Dáil debates
Wednesday, 26 March 2025
Statute Law Revision Bill 2024: Second Stage
9:45 am
Conor McGuinness (Waterford, Sinn Fein) | Oireachtas source
I welcome this long-overdue legislation and I commend the team involved in it. It involved a huge amount of work, no doubt interesting but painstaking. It also involved a huge amount of detail. We are grateful for that work having been completed and being presented to us here today.
Having a look through this, I see so many proclamations that refer to activities in my own county of Waterford in the 1840s and 1850s. It struck me that these proclamations - the laws - were, indeed, some of the legal means used to bind our people, to dispossess them, to colonise our land, to colonise our space and to colonise our means of production and to impoverish our people.
What we see here, and particularly in the proclamations, is attempts to criminalise those who were fighting back. I agree with previous speakers who say that, perhaps as part of this process or perhaps at the culmination and the enactment of this legislation, there should be a reckoning by this State. Perhaps it is not the responsibility of this State but, certainly, the opportunity should be taken for the State to say that those crimes that were committed - crimes according to these proclamations but really acts of resistance and acts of survival for our people - should be dispensed with. As these proclamations are repealed, we should repeal the mentality that allowed it to happen.

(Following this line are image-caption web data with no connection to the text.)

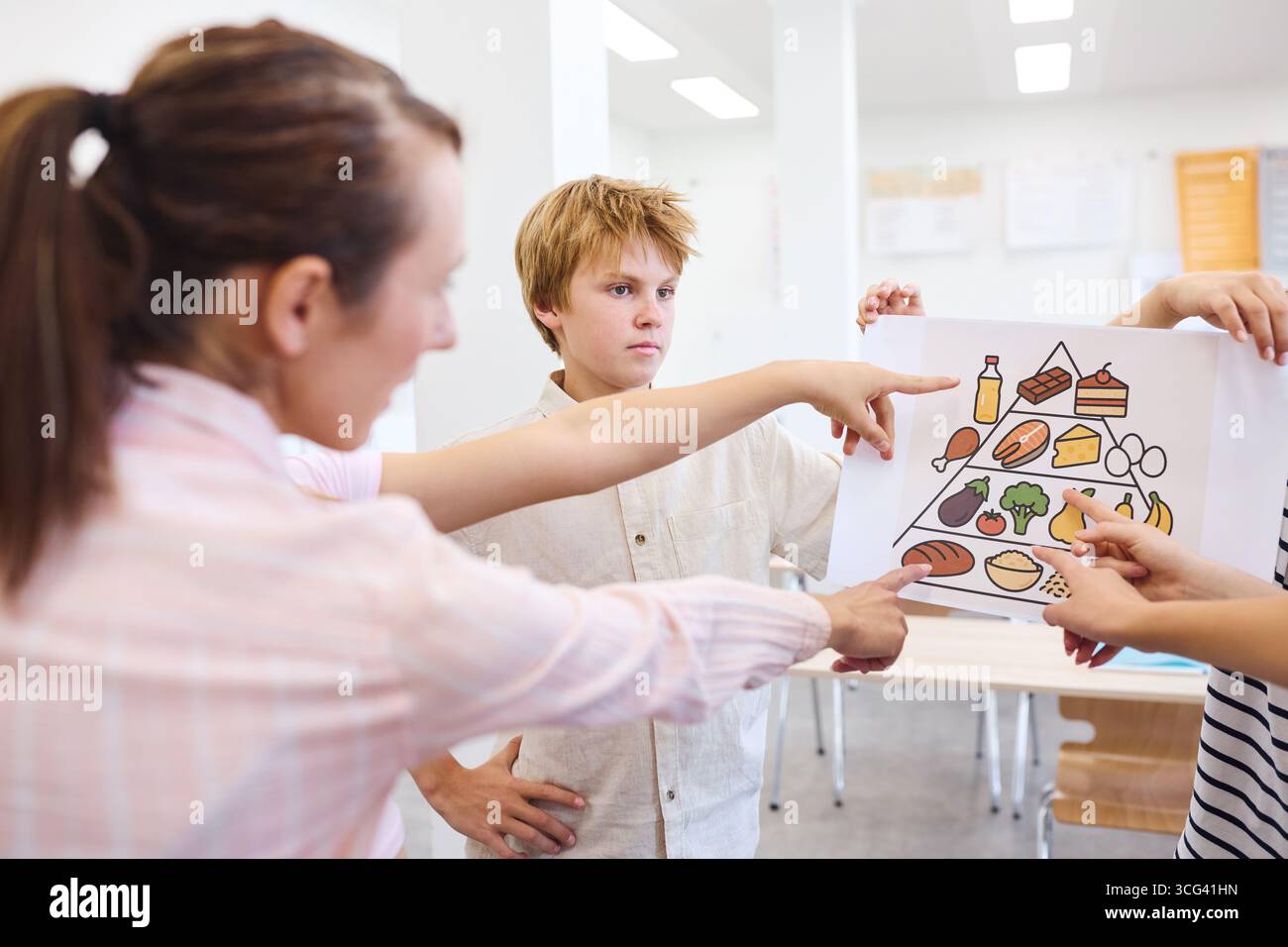 Un enseignant et des élèves discutent d'une alimentation saine à l'aide d'un diagramme pyramidal alimentaire. La leçon se déroule dans une salle de classe lumineuse, promouvant diverse et balan Banque D'Images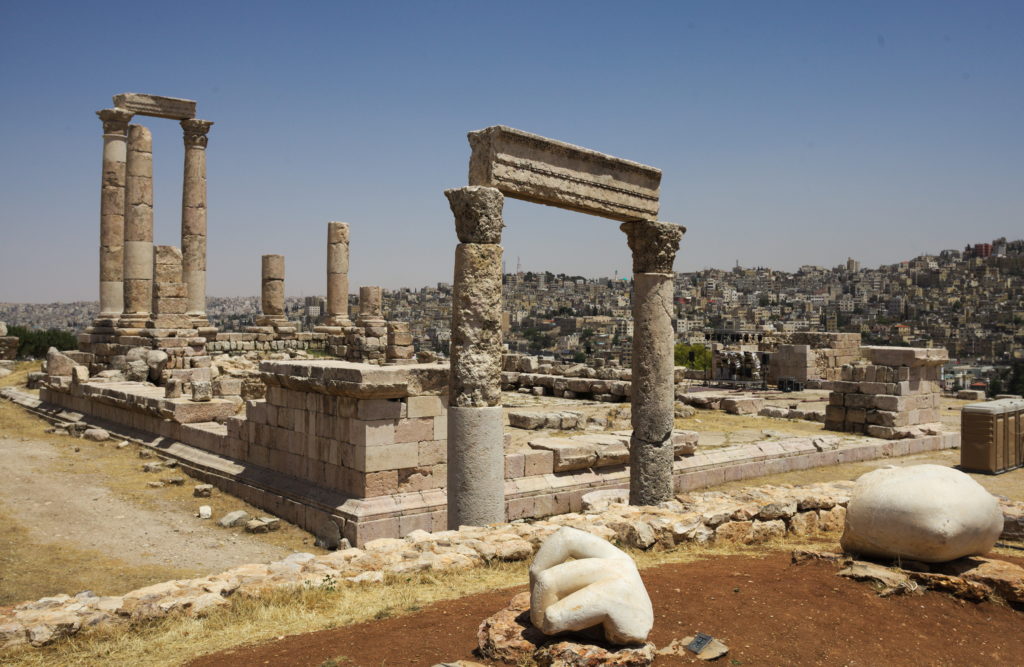 View over Amman from the citadel located on a high peak in the midst of the city. The hand and elbow used to be part of a gigantic Roman statue.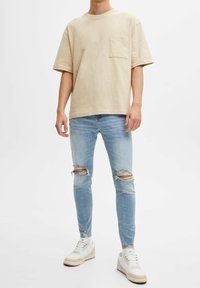 Beige bomullströja med bröstficka, kombinerad med ljusblå denimjeans med rivningar. Modellen har på sig vita sneakers.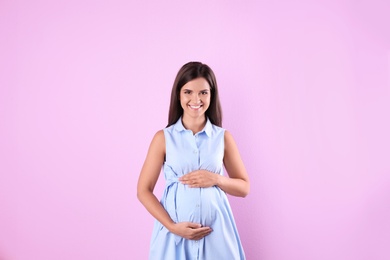 Photo of Happy pregnant woman posing on color background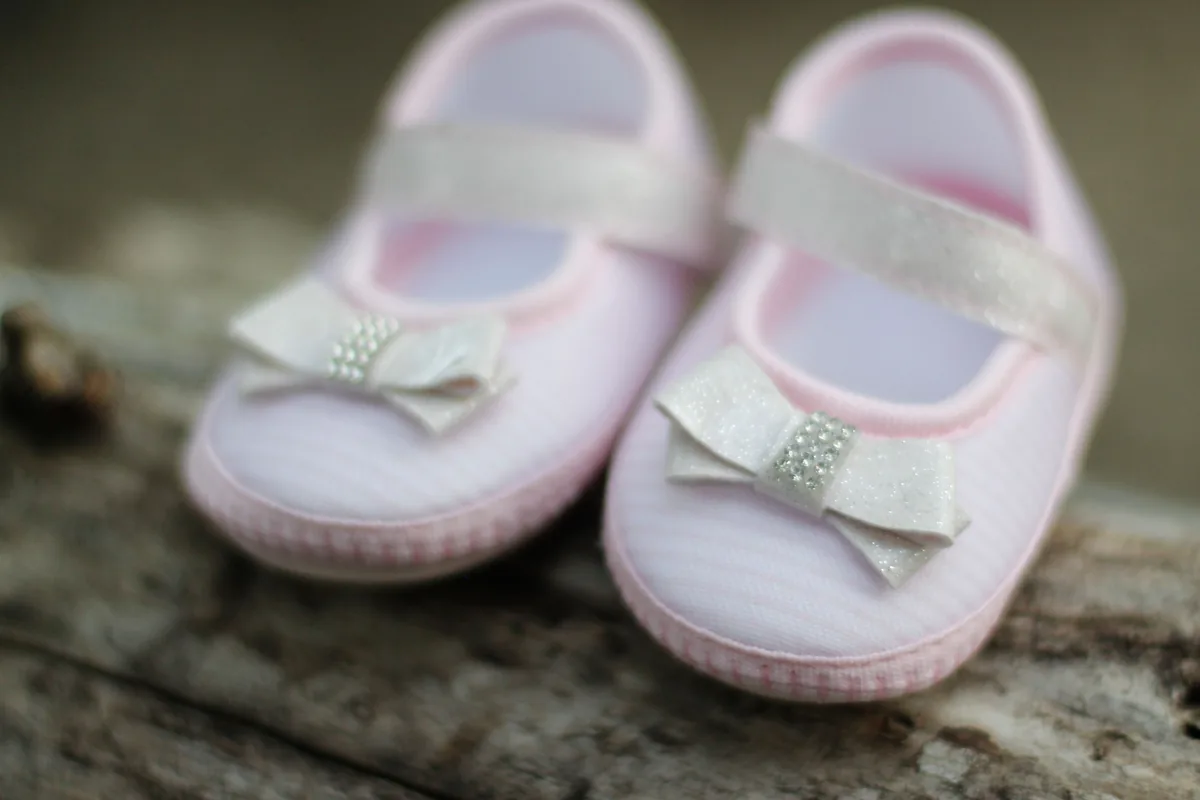 Ein Paar zarte rosa Babyschuhe mit Schleife auf Holz
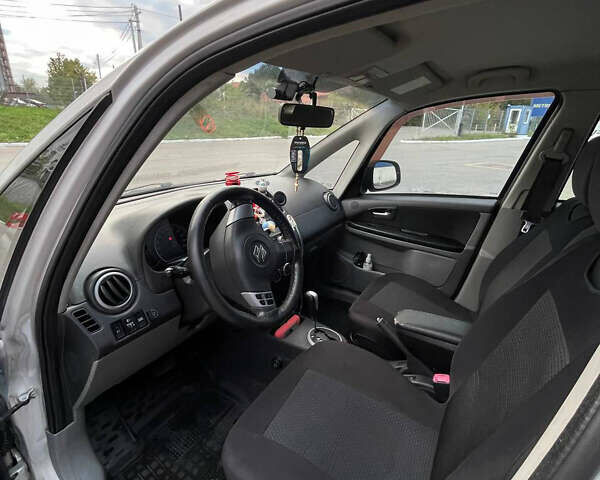 Серый Сузуки СХ4, объемом двигателя 1.59 л и пробегом 234 тыс. км за 7000 $, фото 10 на Automoto.ua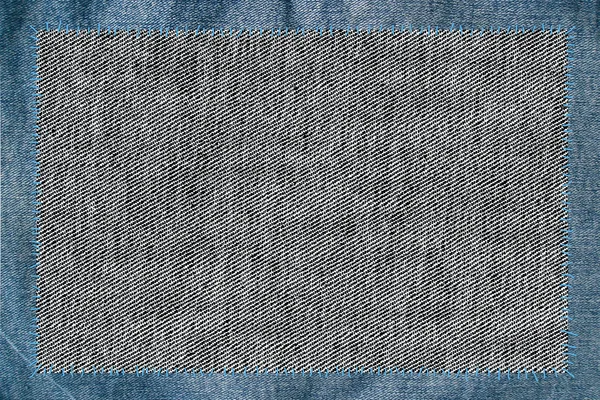 Тканина, прикріплена нитками до джинсів — стокове фото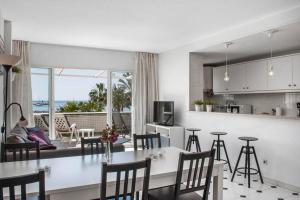 a kitchen and living room with a table and chairs at Beachfront in Benalmadena by Costarentals - Ref 70 in Benalmádena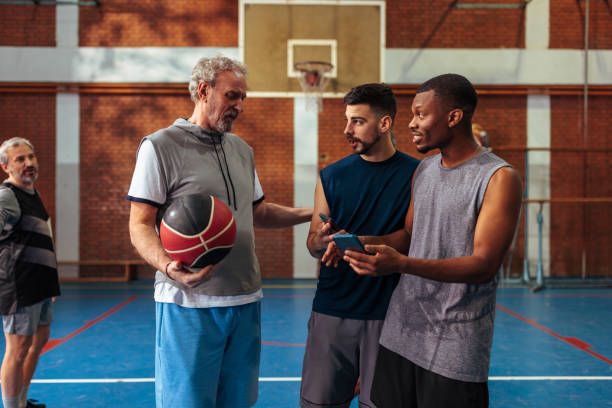 istock Young players check social media during game. 1464255892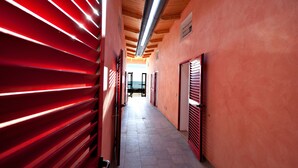 A hallway with red slatted walls and a tiled floor, leading to a door at the end. - Le Dune (Follonica)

For any observer looking at Irish society and the revulsion within Irish society at attempts internationally to ride roughshod over human rights norms, at settler colonialism which is at its heart about taking land, heritage and a homeland from people, at the crime of starvation and using starvation as a weapon of war and at the mass incarceration, transportation and clearing of people that is going on - we see it happening in Gaza, the West Bank and in other parts of the world - and who really wants to know why the people of Ireland see that, call it out and will not tolerate it, this is why. It is because this is our history - the history of starvation as a tool to oppress our people and the history of land clearances, of agrarian unrest and of resistance.